If mobile is still in its formative years as a marketing channel, then influencer marketing as a subset of mobile — since much of it happens on social media and most social media is consumed on mobile — is barely out of the delivery suite.
In its very early days, it was something of a closed shop, restricted to YouTube vloggers like Zoella, with millions of followers. But with the emergence of agencies that aggregate lesser-known (and followed) Internet stars across a variety of social channels, enabling brands to use a group of influencers to endorse their products at scale, there are hundreds, if not thousands, of people making a decent living promoting products and brands.
All of this is fine, except for one key issue: transparency.
The law requires these influencers declare when they are being paid to endorse or recommend a product. That requirement holds true whether they’re being paid in hard cash or receiving a form of payment in kind, like being allowed to keep the products they are raving about as they unbox them to an expectant Millennial audience on their YouTube channel.
It’s only been two weeks since the Federal Trade Commission (FTC) in the United States revealed it had sent out more than 90 letters reminding influencers and marketers of their obligations to “conspicuously disclose their relationships to brands when promoting or endorsing products through social media.”
The FTC said the letters were informed by petitions filed by Public Citizen and affiliated organisations regarding influencer advertising on Instagram, and by Instagram posts reviewed by FTC staff.
The FTC’s Endorsement Guides provide that if there is a “material connection” between an endorser and an advertiser — in other words, a connection that might affect the weight or credibility consumers give the endorsement — that connection should be clearly and conspicuously disclosed, unless it is already clear from the context of the communication.
A material connection could be a business or family relationship, monetary payment, or the gift of a free product.
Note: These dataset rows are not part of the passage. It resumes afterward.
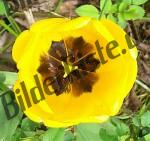 Bilder zum Thema tulipani anzeigen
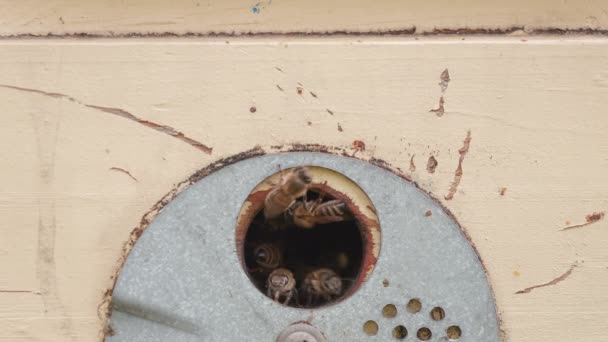 Κοντινό πλάνο ιπτάμενων μελισσών μέσα και έξω από την είσοδο. Ξύλινη κυψέλη και μέλισσες. — Αρχείο Βίντεο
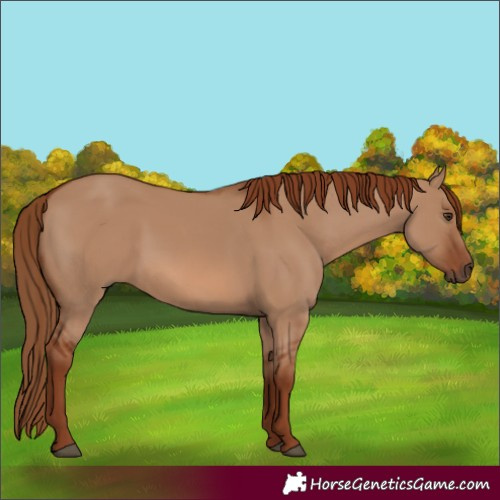 Horse Color:Red Dun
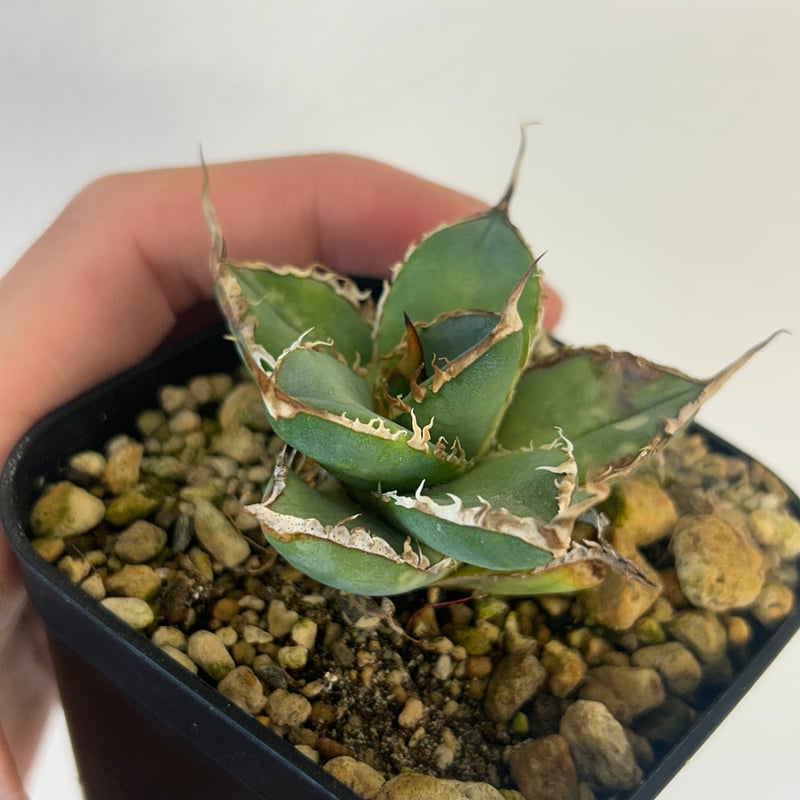 アガベ heart plants numbers 002 HP002 | アガベ専門店 Hea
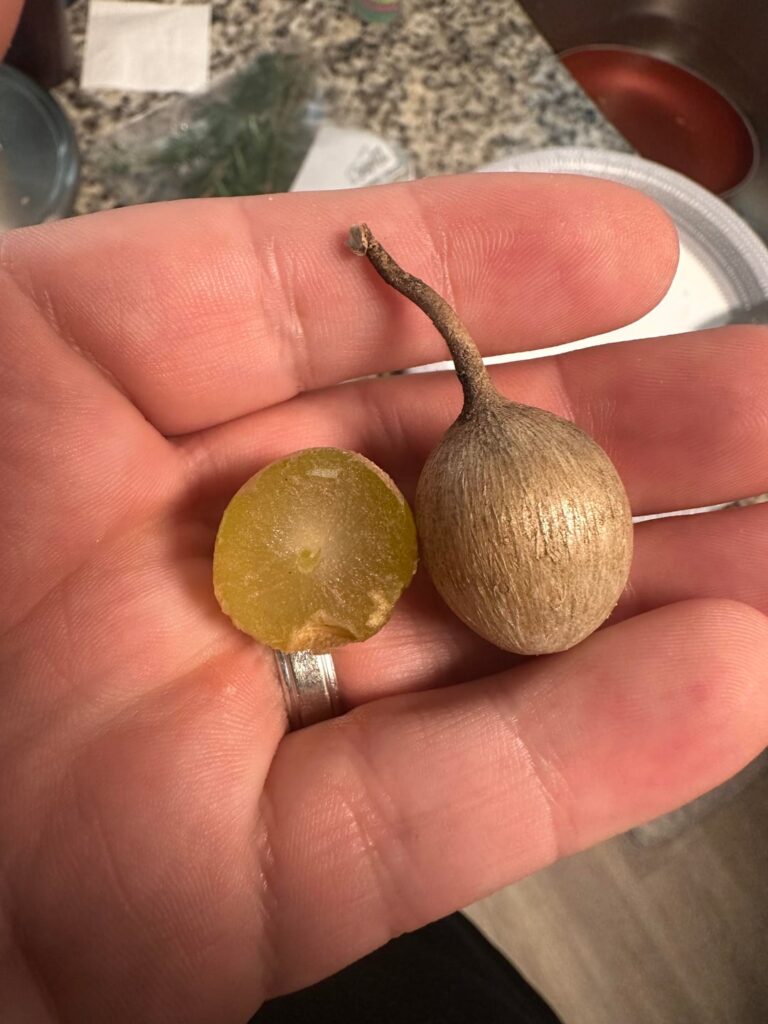 Bulb thing growing by my sidewalk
The Endorsement Guides apply to both marketers and endorsers.
In addition to providing background information on when and how marketers and influencers should disclose a material connection in an advertisement, the letters each addressed one point specific to Instagram posts — namely, that consumers viewing Instagram posts on mobile devices typically see only the first three lines of a longer post unless they click “more,” which many may not do.
The staff’s letters informed recipients that when making endorsements on Instagram, they should disclose any material connection above the “more” button.
The letters also noted that when multiple tags, hashtags, or links are used, readers may just skip over them, especially when they appear at the end of a long post, meaning a disclosure placed in such a string is not likely to be conspicuous.
Some of the letters also addressed particular disclosures that are not sufficiently clear, pointing out that many consumers will not understand a disclosure like “#sp,” “Thanks [Brand],” or “#partner” in an Instagram post to mean the post is sponsored.
The issue reared its head again this past week with the fallout from the disastrous Fyre Festival.
The event was marketed as a luxury music festival in the Bahamas for the wealthy, but descended into chaos after attendees arrived to find the “cultural moment” was taking place amidst muddy fields and piles of rubbish, with no basic amenities and little in the way of food or even water.
Not surprisingly, the event was cancelled, leaving many would-be revellers stranded on the island of a remote island in the Exumas.
The organisers of the event, Fyre Media, co-founded by rapper Ja Rule, are now facing a US$100 million (£77.4 million) fraud case brought by attendees of the event. The attendees are claiming the festival organisers knew in advance the event was “outrageously underequipped and potentially dangerous for anyone in attendance,” and they warned A-list guests and performers not to attend the festival prior to it beginning.
Separately, a leaked pitch deck has revealed that hundreds of online personalities were recruited to advertise the event on social media, without disclosing they were part of a marketing campaign, in return for luxury accommodation and other perks at the festival.
According to Vanity Fair, 400 influencers with large social media followings were brought onboard to publish promotional videos and posts for the event. Very few of the influencers, who included Kendall Jenner, Nick Bateman, Emily Ratajkowski, and Elliot Tebele, mentioned in their posts these were paid promotions.
In exchange for this social media blitz, which reportedly generated 300 million social impressions within 48 hours, the influencers were offered free flights, accommodation, and tickets to the event, which ranged in price from US$1,500 to US$12,500. Many of the posts promoting the event have since been deleted by the same celebrities who helped convince others to attend.
It’s easy to lay the blame for this sort of behaviour at the feet of the brands. They, after all, are the ones with the big legal departments who should be laying down strict guidelines for the influencers they are dealing with.
But the influencers themselves must take responsibility for their actions. The ones involved in the Fyre Festival debacle are hardly kids fresh out of school with no marketing nous. Until the FTC and other regulatory bodies go beyond writing letters and start handing out some stiff fines, the influencers will carry on getting away with it.